Thursday, 26 June 2014

Data Warehousing Tutorial Part - 1


Data Warehousing Concepts
This chapter provides an overview of the Oracle data warehousing implementation. It includes

1) What is a Data Warehouse?
2) Data Warehouse Architectures?

Note that this book is meant as a supplement to standard texts about data warehousing. This book focuses on Oracle-specific material and does not reproduce in detail material of a general nature. Two standard texts are:
  • The Data Warehouse Toolkit by Ralph Kimball (John Wiley and Sons, 1996)
  • Building the Data Warehouse by William Inmon (John Wiley and Sons, 1996)

What is a Data Warehouse?

A data warehouse is a relational database that is designed for query and analysis rather than for transaction processing. It usually contains historical data derived from transaction data, but it can include data from other sources. It separates analysis workload from transaction workload and enables an organization to consolidate data from several sources.

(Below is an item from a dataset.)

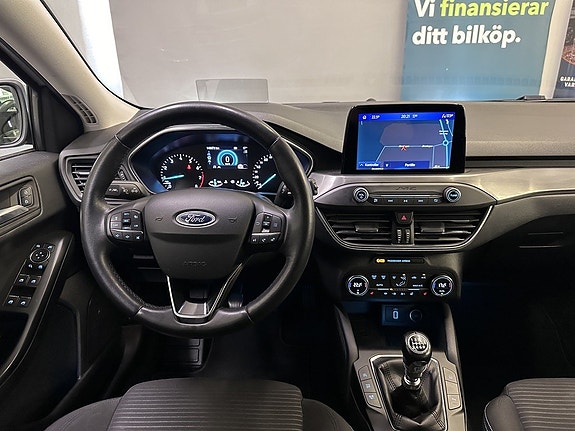 Ford Focus 18 of 30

In addition to a relational database, a data warehouse environment includes an extraction, transportation, transformation, and loading (ETL) solution, an online analytical processing (OLAP) engine, client analysis tools, and other applications that manage the process of gathering data and delivering it to business users.

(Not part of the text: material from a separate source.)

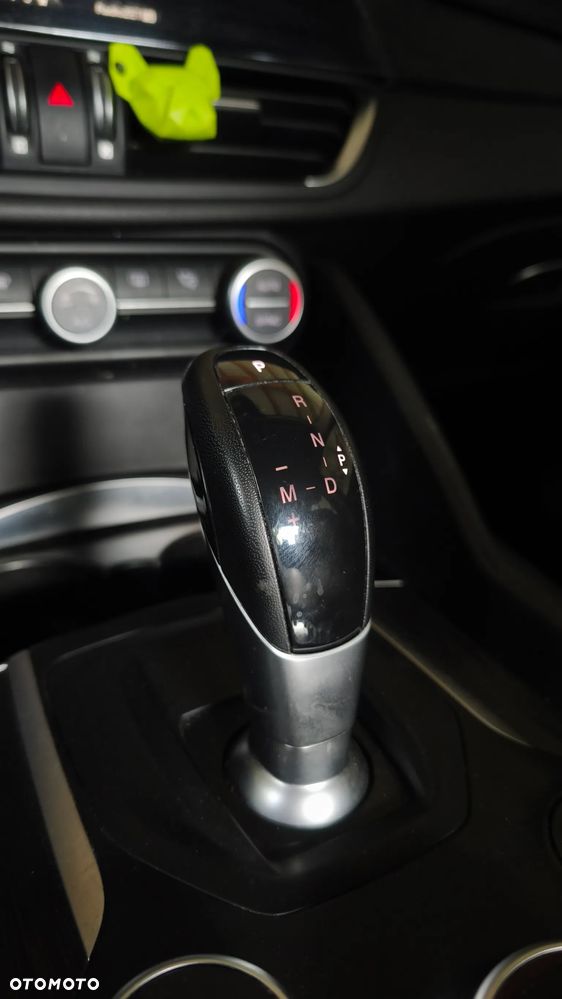Alfa Romeo Giulia 2.0 Turbo TI Q4 - 16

A common way of introducing data warehousing is to refer to Inmon's characteristics of a data warehouse, who says that they are:
  • Subject Oriented
  • Integrated
  • Nonvolatile
  • Time Variant

Subject Oriented

Data warehouses are designed to help you analyze your data. For example, you might want to learn more about your company's sales data. To do this, you could build a warehouse concentrating on sales. In this warehouse, you could answer questions like "Who was our best customer for this item last year?" This kind of focus on a topic, sales in this case, is what is meant by subject oriented.

Integrated

Integration is closely related to subject orientation. Data warehouses need to have the data from disparate sources put into a consistent format. This means that naming conflicts have to be resolved and problems like data being in different units of measure must be resolved.

Nonvolatile

Nonvolatile means that the data should not change once entered into the warehouse. This is logical because the purpose of a warehouse is to analyze what has occurred.

Time Variant

Most business analysis requires analyzing trends. Because of this, analysts tend to need large amounts of data. This is very much in contrast to OLTP systems, where performance requirements demand that historical data be moved to an archive.